L’ultima mossa di Evo fa seguito a due tentativi di dialogo andati a vuoto nel fine settimana quando al tavolo di domenica erano presenti rappresentanti del governo, della Chiesa cattolica, delle Nazioni Unite, dell’Unione europea e del sindacato del trasporto pesante.

 

L’assenza dei presidenti di Camera e Senato, militanti del Mas, di altre forze politiche del parlamento e dei dirigenti dei principali sindacati, responsabili delle agitazioni registrate negli ultimi giorni, ha determinato un nulla di fatto, favorendo l’aumento della tensione nel paese per i blocchi stradali.  

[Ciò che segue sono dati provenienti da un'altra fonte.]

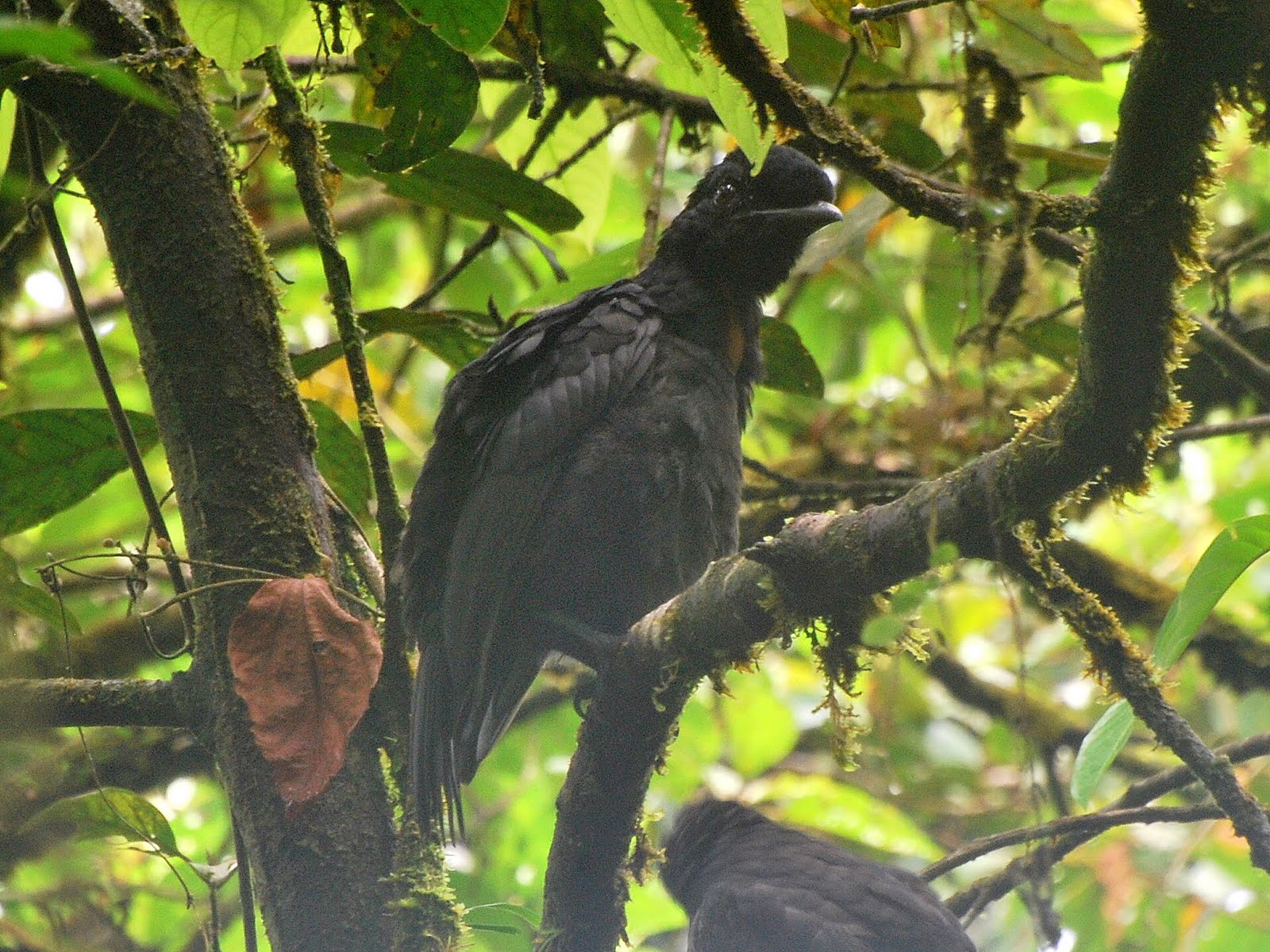 Jan Axel's Blog Bird of the month Barenecked Umbrellabird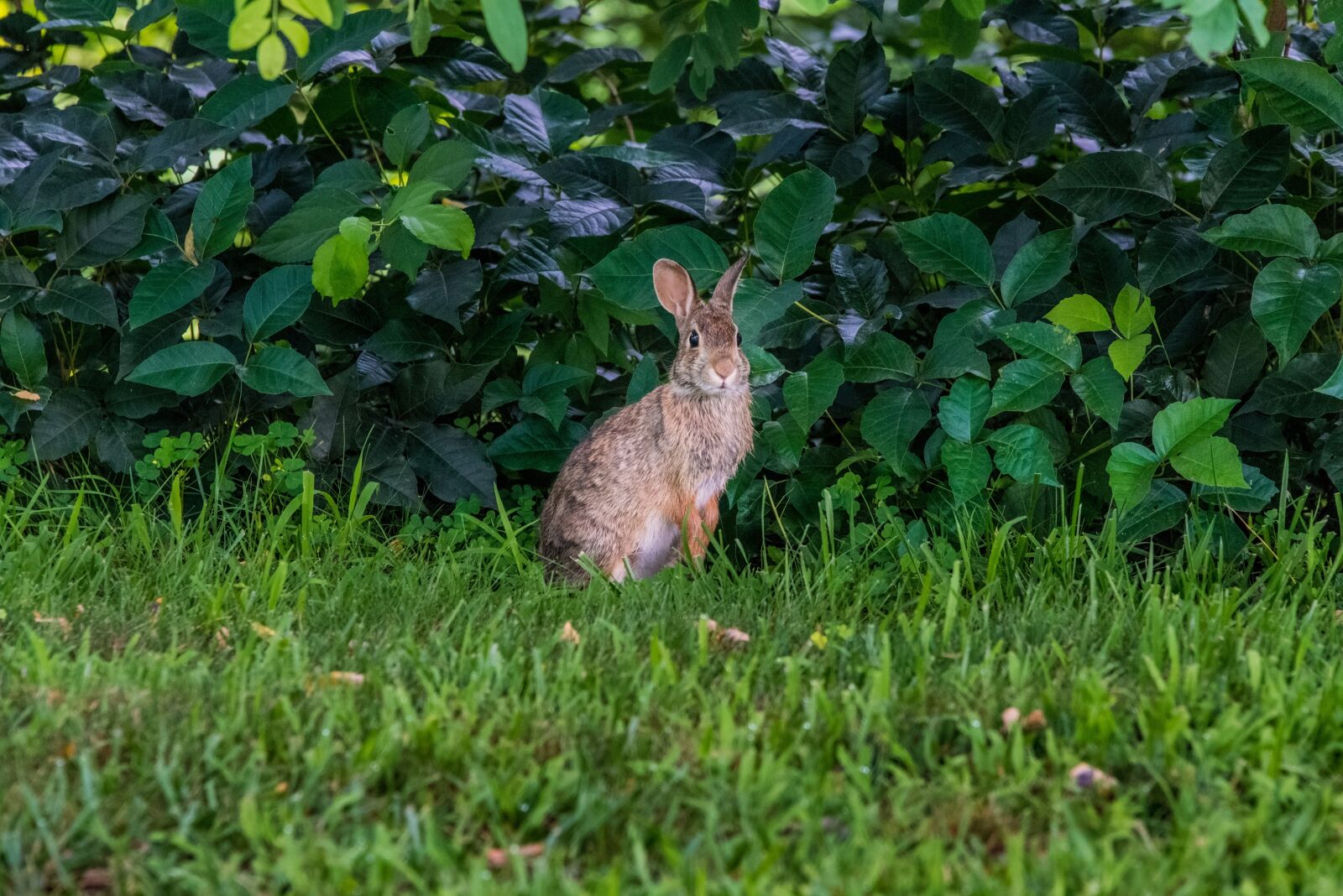 Nikon D800 sample photo. Rabbit, bunny, wildlife photography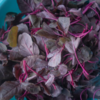 Amaranth  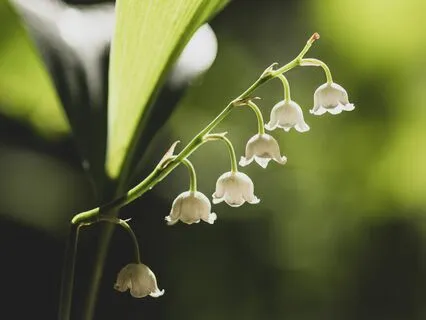 Yoga Nidra: Embodying Timeless Wisdom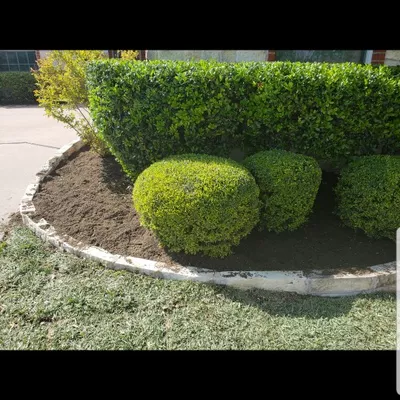 Vasquez Lawn Service LLC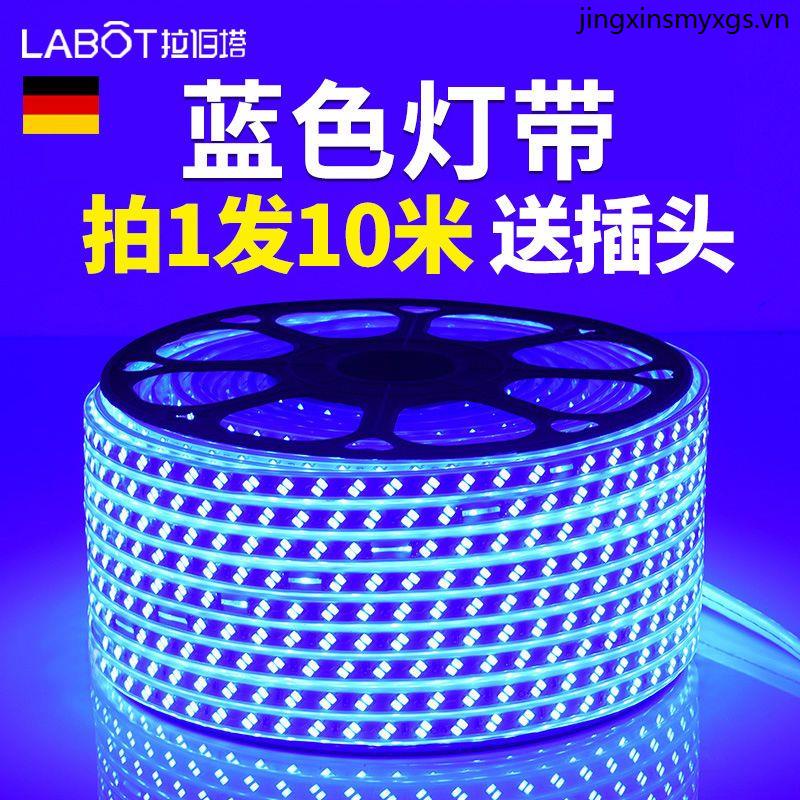 Dải Đèn Led 220V Ánh Sáng Xanh Dương Siêu Sáng Gắn Trần Nhà Trang Trí Đa Ứng Dụng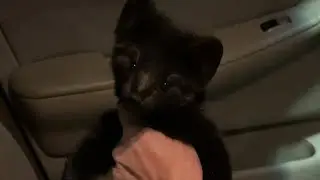 Соболь Фурия устала ждать в машине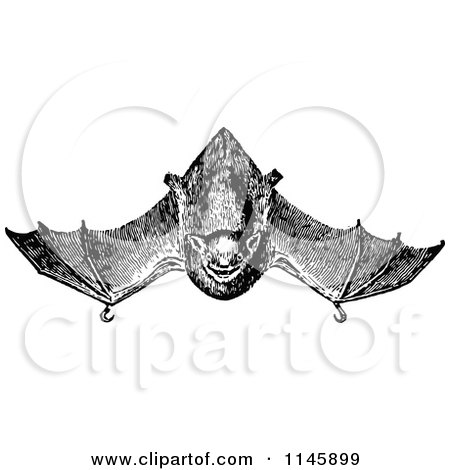Clipart of a Retro Vintage Black and White Vampire Bat Flying - Royalty Free Vector Illustration by Prawny Vintage
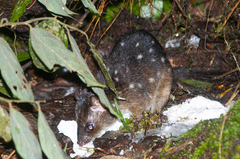 New Guinean Quoll photo 1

In precedenza era fallito un altro tentativo cui avevano partecipato rappresentanti delle opposizioni e la dirigenza del Tribunale Supremo Elettorale, nonostante si fosse concordato sull’idea di lavorare “su una nuova legge che, in maniera consensuale e concertata, garantisca lo svolgimento delle elezioni generali”.

 

Pur in presenza dell’impegno del presidente del TSE Salvador Romero di celebrare il voto” nel 2020, in modo tale che le nuove autorità si insedino già quest’anno”, non si era trovata la mediazione su una nuova possibile data di apertura delle urne.

 

Ora, la presa di posizione di Morales non dovrebbe rimanere inascoltata da parte dei manifestanti e potrebbe sbloccare la situazione. Mentre Añez ha deciso di convocare per oggi una nuova riunione con le parti sociali per mettere fine alla grave crisi.

 

“Propongo una commissione per esplorare il dialogo con tutti i settori della società. Mi pare umiliante che in questa situazione ci siano conflitti sociali che come unico risultato hanno quello di aumentare i contagi e i malati”, ha detto la presidente denunciando i blocchi stradali e le manifestazioni promosse dal fronte contrario al rinvio del voto.